As a cloud architect and storage expert, I often hear the question: Which storage class should I use on Amazon S3? The answer is simple: as always, it depends. Today, we’ll explore some anti-patterns you might overlook when transitioning data between storage classes, whether using lifecycle rules or a managed class like S3 Intelligent-Tiering.
A Short Journey Back in Time
Amazon S3 was announced almost 19 years ago. It’s one of the oldest services on the platform, second only to Amazon SQS. What we see today as Amazon S3 vastly differs from what was available many years ago.
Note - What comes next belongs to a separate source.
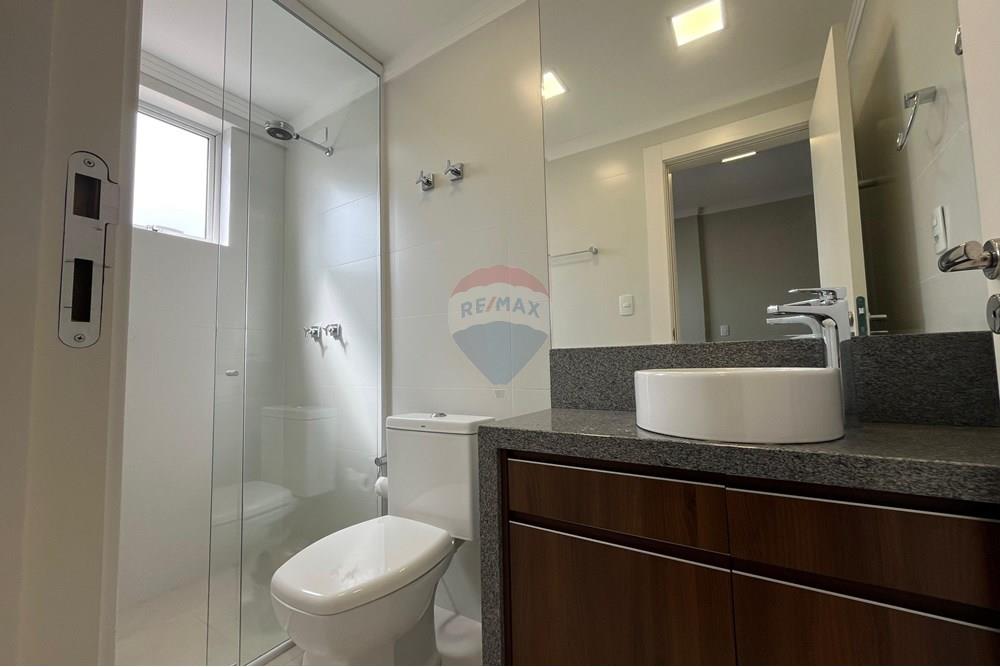 Apartamento - Venda - Itapema , Santa Catarina - IMG-20241105-WA0045.jpg - 590401003-53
Even just a few years ago, there was no S3 Storage Lens, no conditional writes (introduced earlier this year), and no S3 Intelligent-Tiering storage class. There were no S3 triggers, there was no replication across buckets or regions. When I started working with S3 (around 2010), it was a fairly limited service but, in some ways, simpler than it is today.
At the same time, we tend to forget how expensive it was. As part of the announcement 19 years ago, Jeff Barr wrote:
“1 GB of data for 1 month costs just 15 cents.”
The same storage class today costs just 2.3 cents (or less) per GB in the US East region. With additional storage classes designed to optimize costs, it can go below 0.1 cents per GB.
Storage Class | Storage Price per GB |
---|---|
Standard | 2.3 cents (or less) |
Standard Infrequent Access | 1.25 cents |
Glacier Instant Retrieval | 0.4 cents |
Glacier Deep Archive | Less than 0.1 cents |
AWS keeps iterating, adding new features and options. As a cloud architect, your job is to stay up to date. If you deployed and optimized costs on S3 five years ago, it’s time to revisit your setup. There’s a good chance your deployment is no longer optimized, and you might be leaving money on the table. Keep iterating!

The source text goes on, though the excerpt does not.